Ahead of the 2022- 2023 academic year, 78 percent of schools nationwide found it difficult to find qualified teachers for special education and science, according to surveys of school leaders. There is an urgent need for STEM, career and technical education, and special education teachers. Additionally, there is a severe lack of racial diversity—nationwide teachers of color comprise only 18 percent of the teacher workforce.
“I hear from Minnesota school superintendents every summer about the many vacancies they’re struggling to fill, an issue that has only gotten harder in the past few years and is even more challenging in small, rural school districts,” said Sen. Smith. “And it’s especially difficult to hire teachers in key subjects like STEM, technical education and special education. Ultimately, these shortages hurt our kids and diminish their opportunities. My bill will help schools overcome these challenges and help ensure students get the best education possible.”

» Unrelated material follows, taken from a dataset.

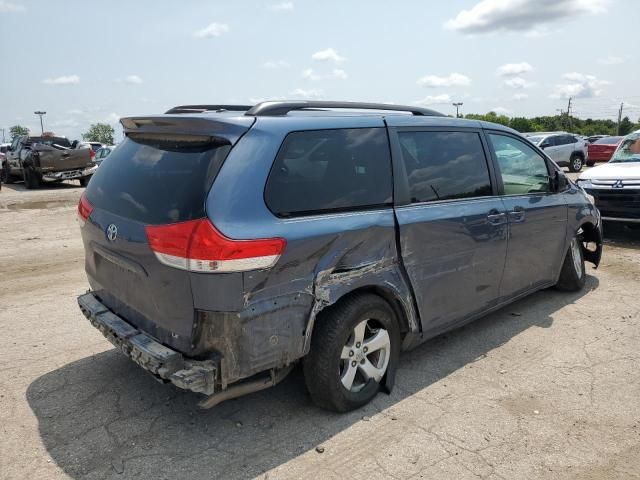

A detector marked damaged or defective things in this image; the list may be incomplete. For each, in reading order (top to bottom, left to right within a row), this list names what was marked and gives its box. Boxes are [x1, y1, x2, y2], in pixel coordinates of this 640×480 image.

rear wheel well damage [576, 220, 604, 268]
damaged rear bumper [77, 292, 218, 394]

Sen. Smith’s bill—the Addressing Teacher Shortages Act—would provide grants to school districts to help them attract and retain the quality teachers they need. The bill would also fund U.S. Department of Education efforts to help smaller and under-resourced districts apply for grants.
Funding under the grant program could be used to establish or expand:
- Teaching residency programs
- Teacher mentor programs
- “Grow Your Own” programs to ease teacher staffing shortages and increase workforce diversity by tapping staff already working in school buildings to become teachers
- “2+2” programs to provide flexible pathways for students to obtain a bachelor’s degree
- Programs at an institution of higher education that encourage students majoring in STEM fields to take courses in education
- Teacher preparation pathways in secondary schools
- Other evidence-based strategies to increase teacher retention and support teachers, such as:
- Increasing access to technology for professional development in rural areas
- Supporting teachers in fulfilling requirements to become certified in an additional subject area, to obtain National Board Certification, or to teach Advanced Placement, International Baccalaureate, or dual or concurrent enrollment programs
- Induction programs for new teachers
- Tuition assistance, housing allowances, or stipends for student teachers, first-year teachers, and second-year teachers
- Professional development for school administrators focusing on teacher leadership or teacher retention
The grant funding would be distributed competitively with at least 25 percent going to rural districts, high-needs subject areas, and to diversify the teaching workforce, respectively, and 5 percent to Bureau of Indian Education schools. The remaining funding could be allocated at the Secretary’s discretion.
This legislation is supported by American Federation of teachers, National Education Association, and Education Minnesota.
“We are happy to hear that Senator Smith is addressing the teacher shortage by reintroducing her Addressing Teacher Shortages Act,” said Erin A. Toninato, Executive Director, Minnesota Administrators for Special Education. “The shortage of special education providers is at a crisis level. Districts are unable to fill positions and are being forced to find alternative methods to provide instruction for special education students that are less effective. Senator Smith’s bill is an important step to improve the crisis and keeps special educators in mind”.
“I am appreciative of the work that Senator Smith has put into addressing a critical need for our country,” said Jeffrey S. Elstad, Superintendent, Owatonna Public Schools. “As a district superintendent, addressing the teacher shortage is the most crucial issue today. This bill adds critical funding and framework to provide solutions that are proven and will address the needs of struggling districts immediately. Without this help, our students and current teaching staff will continue to struggle with disastrous results.”